La conscience dérive du corps
Traditionnellement, la philosophie a toujours pensé la conscience comme ontologiquement supérieure au corps. Nietzsche opère un renversement de cette hiérarchie : il pose la conscience comme dérivative du corps. Le corps est premier : il est pluralité de forces qui luttent les unes contre les autres. Ces forces constituent ce que Nietzsche appelle « la volonté de puissance », cette force qui cherche son propre accroissement, toujours en devenir… L'individu vit une pluralité de sensations, d'identités, de rôles. Réduire la conscience à une unité, c'est vouloir enfermer l'homme dans une identité unique, c'est vouloir le réduire à un seul rôle et ce rôle est défini par la philosophie comme celui de l'« animal rationnel ». Or, selon Nietzsche, « tout acte de volonté comporte premièrement une pluralité de sentiments ». L'unité du « je pense » n'est donc qu'un préjugé, une illusion de la grammaire qui laisse croire que le je décide de la pensée. Cette illusion est confortable car face à la pluralité du monde, il est rassurant de se penser comme une unité plutôt que pris dans un devenir permanent.
Exercice n°1
Pourquoi Pascal parle-t-il de qualités « empruntées » ?
Cochez la bonne réponse.
A. Parce qu'on n'est jamais soi-même : on imite toujours les autres.
B. Parce qu'on emprunte à Dieu ses qualités.
C. Parce que nos qualités sont changeantes et inconstantes.
D. Parce qu'il a fait une erreur de lexique.
Le moi pour Pascal est dispersé et insaisissable car il se dissout en une multitude de qualités diverses qui sont fluctuantes et instables. Le moi se disperse dans le flux du devenir et n'est pas une essence ontologique réelle.
Exercice n°2
Qu'est-ce qui permet d'affirmer que l'existence du sujet est une certitude selon Descartes ?
Cochez la bonne réponse.
A. On le sent bien qu'on existe.
B. Si le sujet n'existait pas, il ne pourrait pas faire de calculs.

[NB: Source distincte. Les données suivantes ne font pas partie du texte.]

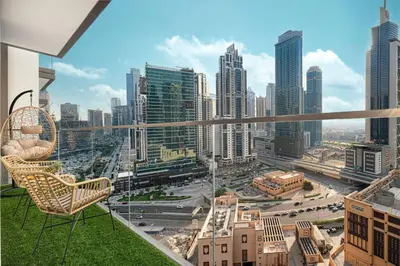 a balcony with chairs and a view of a city at Mahogany 18 - 2BR 10 Guests - Walk to Dubai Mall in Dubai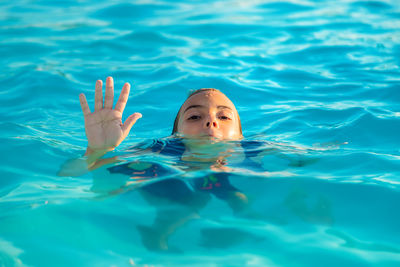 Cute girl drowning in swimming pool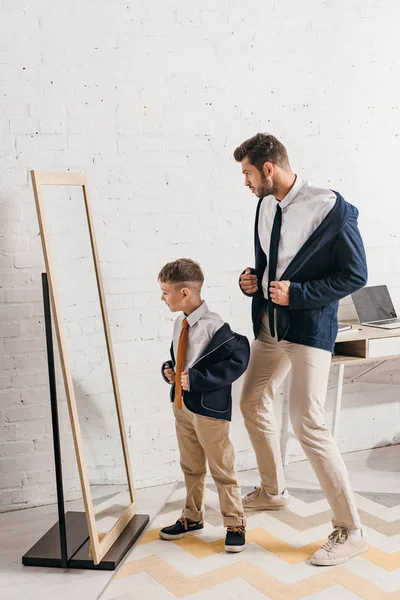 Vista de longitud completa de padre y padre en ropa formal de pie cerca de la ventana en casa - foto de stock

C. Les lois de l'optique le prouvent.
D. La persistance du je qui doute dans l'expérience du cogito prouve sa pérennité aussi longtemps qu'il pense.
À travers l'expérience du cogito, Descartes montre l'existence du sujet. En effet, aussi loin que s'étende la remise en doute de l'existence des choses, même lorsqu'on doute de sa propre existence, il demeure une constante : le je qui ne cesse de douter, de penser, et que l'on ne peut réduire. Le flux de la pensée ne s'arrête jamais : c'est donc que le sujet est une « substance pensante ».
Exercice n°3
Pourquoi ne peut-on pas prétendre ne pas être responsable de ses actes passés selon Locke ?
Cochez la bonne réponse.
A. Ce serait de la lâcheté.
B. Le sujet demeure le même à toutes les étapes de sa vie.
C. Ce serait illégal.
D. On peut le faire.
La mémoire consciente (consciousness) est la conscience pour le sujet d'avoir été l'auteur de ses actes tout au long de sa vie. L'individu qui a mal agi trente ans auparavant est le même que celui qui peut être jugé dans le présent : il est responsable moralement de ses actes passés.